Prerequisites:
Prerequisites are the standard algebra and analysis courses and a good background in general topology and functional analysis (FA). Preferably from the Mastermath course Functional Analysis, but a substantial introduction to FA from your university might suffice. At some point, we will need some of the theory of locally convex spaces, so that you will have to do some studying on your own if you haven't met them before.
(The material in the appendix of Murphy's book is quite sufficient.)

As to the other material from FA, you can get an idea of what I expect from the lecture notes on the 3rd year course that I have been teaching at Nijmegen since 2020. You can find them at http://www.math.ru.nl/~mueger/functionalanalysis.pdf
I expect you to be fairly familiar with the material in Appendix A and Part I of these notes as well as the operator theory in Part II, but I will cover some of the less standard material in the lectures.

In order to limit the overlap with the MasterMath course on functional analysis, I will not cover the basic theory of unital Banach algebras in detail!

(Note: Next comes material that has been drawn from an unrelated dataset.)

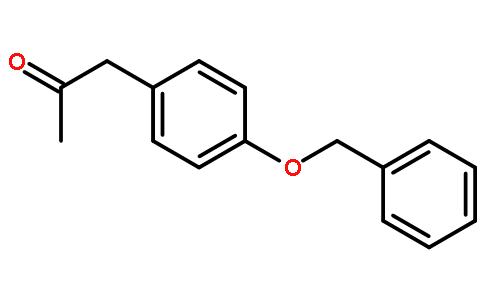 2-PROPANONE,1-[4-(PHENYLMETHOXY)PHENYL]-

I expect you to have met the material in Chapter I of Murphy's book (as specialized to unital algebras) or in Sections 11 and 17.1 of my lecture notes.

Aim of the course:
The students are familiar with the basics of C*-algebras and von Neumann algebras, allowing them to specialize further or to apply operator algebras in the context of non-commutative geometry or the theory of infinite quantum systems.

In 1929, J. von Neumann began studying what came to be called von Neumann algebras. C*-algebras were introduced by Gelfand and Nalmark in 1943. These two subjects together form the discipline of Operator Algebras, an important part of Functional Analysis with many applications in harmonic analysis and representation theory, quantum group theory, Connes' non-commutative geometry, and mathematical physics (quantum mechanics and field theory, statistical physics). The aim of this course is to lay the foundations for further studies of the subject and its applications.

We will cover at least the following subjects:

  • Banach algebras, in particular spectral theory
  • commutative C*-algebras
  • ideals, quotients, homomorphisms
  • states and representations
  • weak topologies, density theorems
  • von Neumann algebras

Possible further subjects, time permitting:

  • inductive limits of C*-algebras (UHF and AF algebras)
  • some interesting examples of C*-algebras

Lecturer:
Michael Müger (RU)